There is no one who understands the fears of being a burden like a disabled person. I have had to live those fears and find a value for myself outside of work or even independence. And I have. Here’s the secret for how to love yourself outside of what your job values about you. 

This is what I know to be true: I am every bit as valuable as every other person. Because every other person is inherently valuable.

If every person is valuable, that means even I am valuable. For a brain steeped in skepticism and self hate, I had to go all the way around to get back to the start. Once I found a way in I could find all kinds of other things to value about myself eventually, but I couldn’t even begin as long as I believed I was disqualified from worthiness.

Because the thing is, believing I was disqualified was really just internalized ableism.

The fear that we’re only lovable if we are thin, beautiful, productive?

The fear that we aren’t lovable if we can’t take care of ourselves?

That’s ableism. Nobody can take care of themselves independently their whole life. That’s not how humans come.

Most of the reasons we actually hate our bodies come out of inherited or cultural beliefs about gender, sexuality, race, class, ability and so many more intersections. Inherited beliefs around what kind of bodies are acceptable. These internalized oppressions are the source of so very much of our self hate.

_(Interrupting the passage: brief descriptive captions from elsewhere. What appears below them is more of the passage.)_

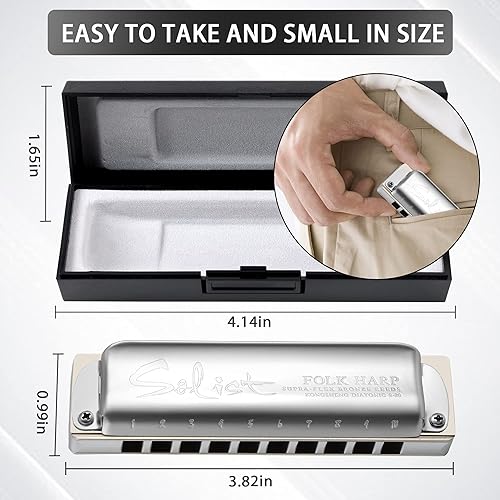 Miniatura 4 de KONGSHENG Arpa folclórica solista, armónica diatónica de 10 agujeros, regalos para niños, principiantes y jugadores profesionales (clave de C)
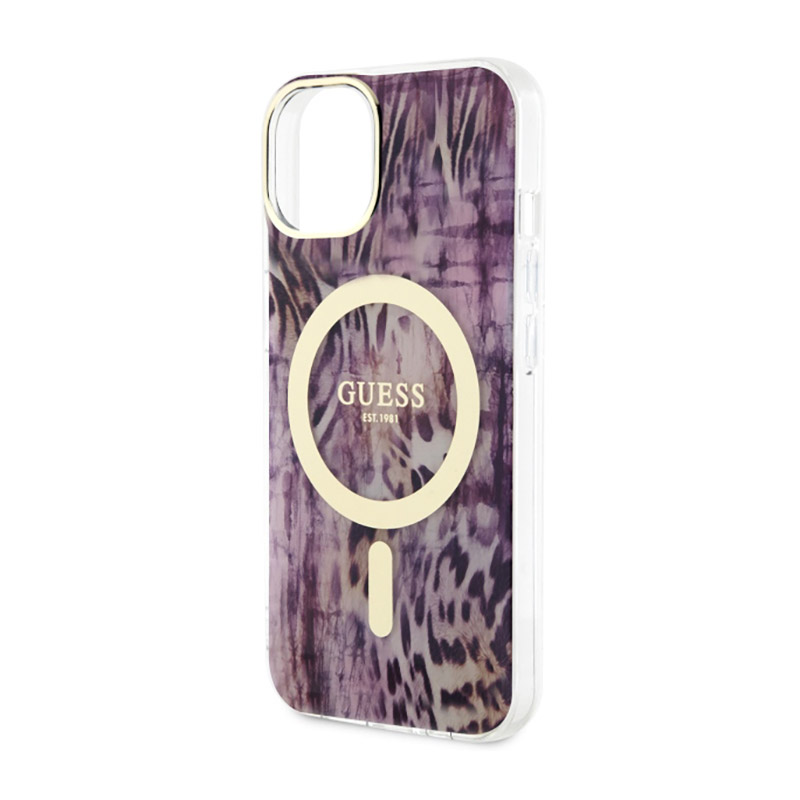 Guess Leopard MagSafe - Etui iPhone 14 (Różowy)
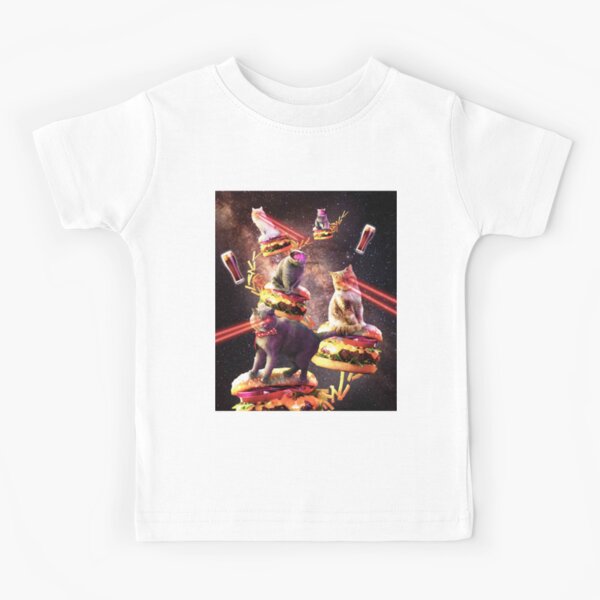 Galaxy Laser Cat On Burger - Space Cheeseburger Cats with Lazer Kids T-Shirt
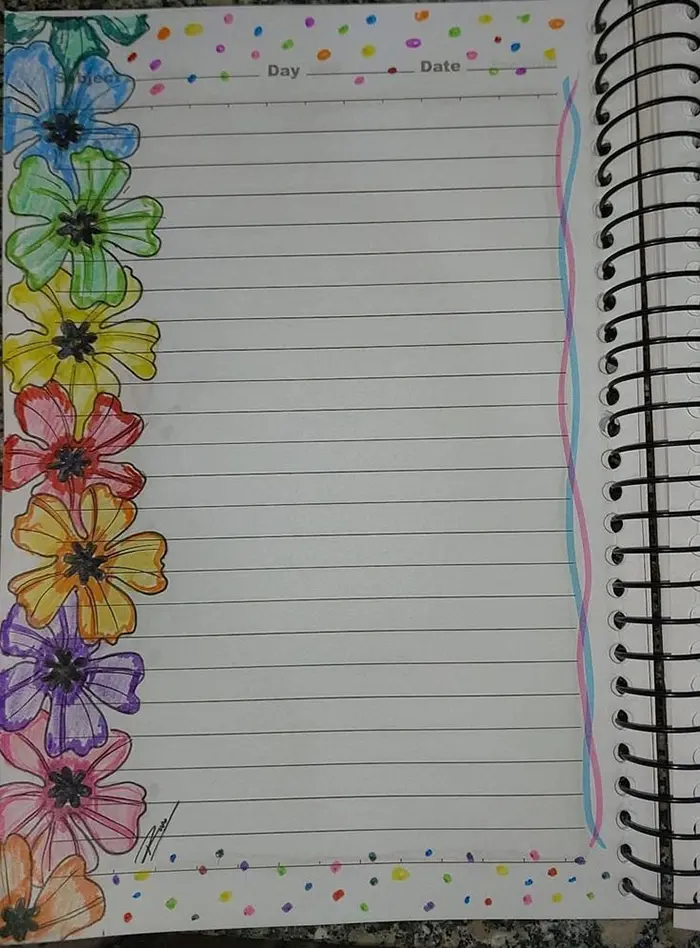 نقاشی گل برای حاشیه دفتر کودکان؛ با خطوط روان طرح‌های آسان متنوع فانتزی و کارتونی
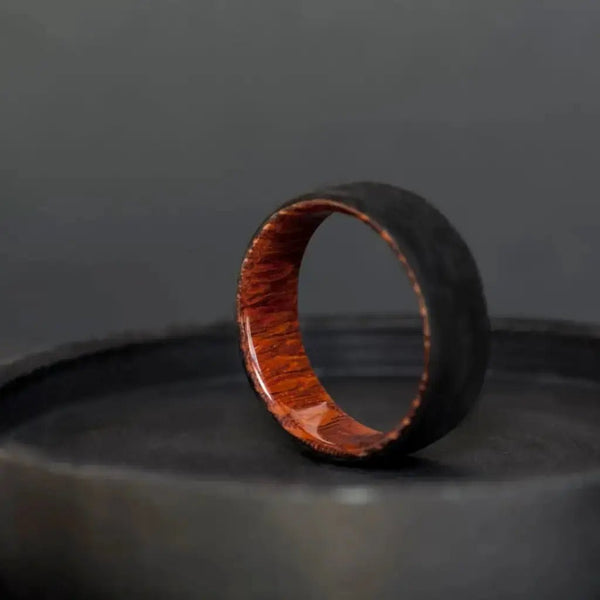 Snakewood Forged Carbon Wedding Band for Men - BerchJewelry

So the way to free ourselves from hating the fat on our bodies is to stop hating fat bodies everywhere. The way to stop hating the signs of aging on our bodies is to stop hating aging bodies. The way to stop hating ourselves for every way we need support is to stop hating the people who need support.

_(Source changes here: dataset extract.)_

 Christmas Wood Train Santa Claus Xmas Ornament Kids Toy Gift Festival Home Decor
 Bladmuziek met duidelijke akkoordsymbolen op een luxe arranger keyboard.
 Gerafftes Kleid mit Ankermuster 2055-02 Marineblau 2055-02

My time as a community organizer has made me speak in catchphrases.

Nothing about us without us.

None are free until all are free.

My liberation is bound up in yours.

Lead from the margins.

My experience being disabled has shown me these slogans last the test of time because there is survival in them. Mutual caregiving I have experienced taught me that all I have to do to get the support I need is to help the people around me get the support they need. We depend on each other.

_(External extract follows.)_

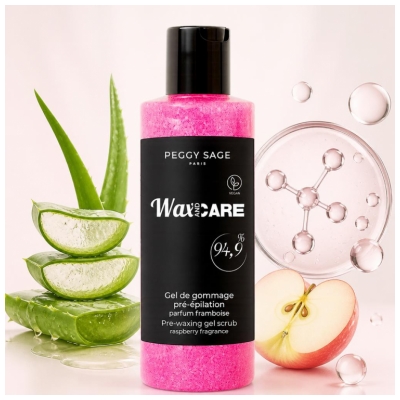 Peggy Sage Wax and Care Gel de Gommage Pré-Épilation Parfum Framboise 250 ml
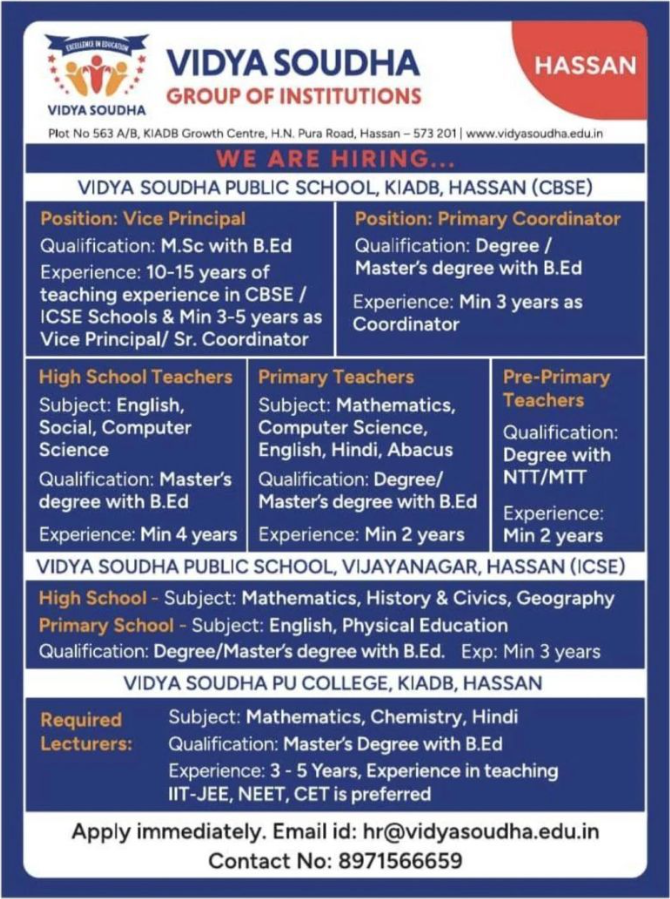 Vidya Soudha Group of Institutions Hassan Recruitment 2026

As a community organizer, I have also been deeply influenced by Black art and thought. When your leaders are from the margins, a lot of those leaders are disabled people, queer people, indigenous people, and Black people. I owe so much to the wisdom of people who left maps behind in their work, guiding the way out of internalized oppression. Angela Y. Davis, bell hooks, Audre Lorde, Maya Angelou, Alice Walker, Toni Morrison, Oprah Winfrey, Kimberlé Crenshaw. Tressie McMillan Cottom’s Thick. Sonya Renee Taylor’s The Body In Not An Apology and Tricia Hersey’s Nap Ministry. I live in solidarity with all marginalized people, and I stand with Black women, gratefully.

Bodies have needs. Body loyalty is about living in support of those needs. In order to meet the needs of our body, we need to be in solidarity with BODIES.

All bodies need rest, food, shelter, dignity.

All bodies need medical care.

All bodies need bathroom breaks and time off work.

All bodies deserve access to society, education, justice.

That’s not the world we currently live in, but it’s the world we can create, if we can imagine it.

Loyalty to my body, loyalty to your body. That is radical.